We have an array of integers, nums, and an array of requests where requests[i] = [start_i, end_i]. The i^th request asks for the sum of nums[start_i] + nums[start_i + 1] + ... + nums[end_i - 1] + nums[end_i]. Both start_i and end_i are 0-indexed.

Return the maximum total sum of all requests among all permutations of nums.

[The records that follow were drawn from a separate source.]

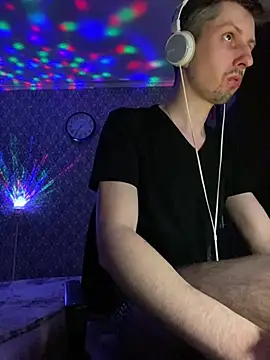 Snapshot of Aki-Laky chatting on February 21, 2025, 8:38 pm Aki-Laky online show from February 21, 2025, 8:38 pm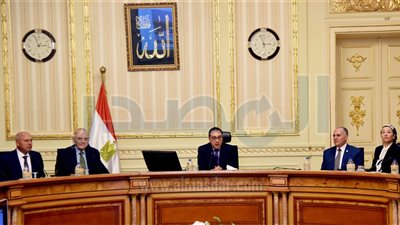 رئيس الوزراء يعقد اجتماعاً لبحث تسريع العمل بمشروع «ممشى أهل مصر»
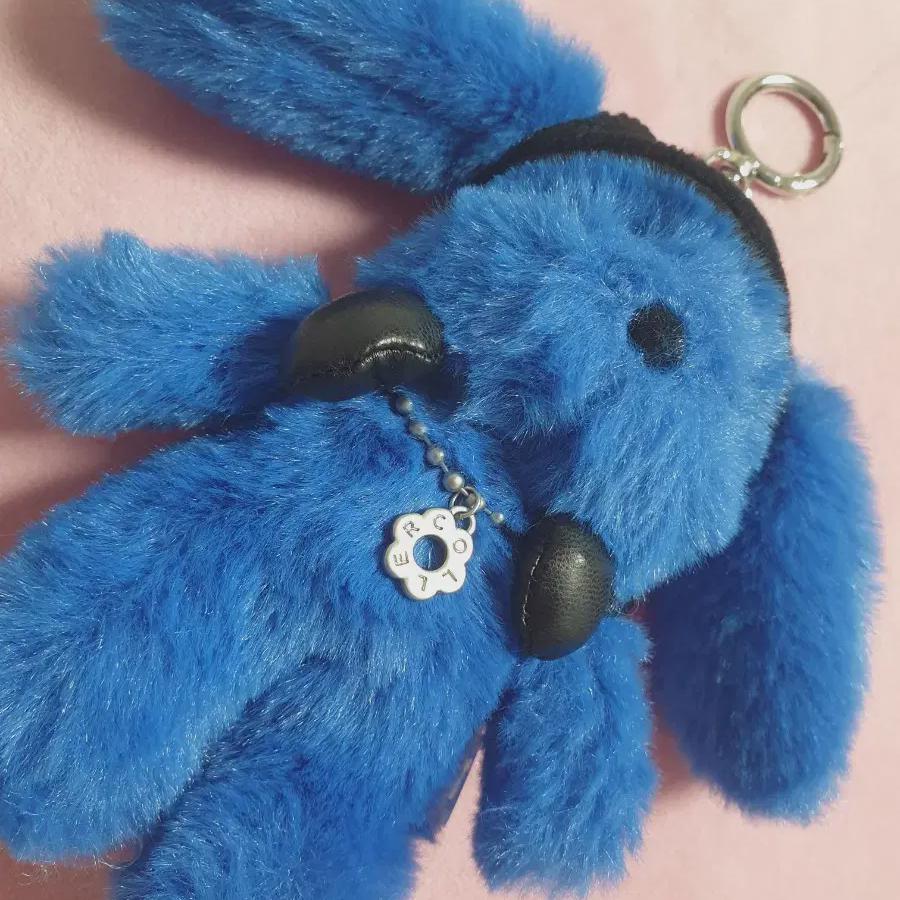 

Newjeans Colle Perry Bunny Plush Keyring Blue Rabbit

Since the answer may be too large, return it modulo 10⁹ + 7.

Input & Output

Example 1 — Basic Case

$ Input: nums = [1,2,3,2], requests = [[0,1],[1,3]]

› Output: 11

💡 Note: Optimal permutation is [3,2,2,1]. Request [0,1] sums to 3+2=5, request [1,3] sums to 2+2+1=5. Total: 5+5=10. Wait, let me recalculate: [2,3,2,1] gives request [0,1]=2+3=5, request [1,3]=3+2+1=6, total=11.

Example 2 — Single Request

$ Input: nums = [1,2,3,4,5], requests = [[1,3]]

› Output: 12

💡 Note: Place largest values at positions 1,2,3: optimal arrangement could be [1,5,4,3,2] or [2,5,4,3,1]. Request [1,3] sums to 5+4+3=12.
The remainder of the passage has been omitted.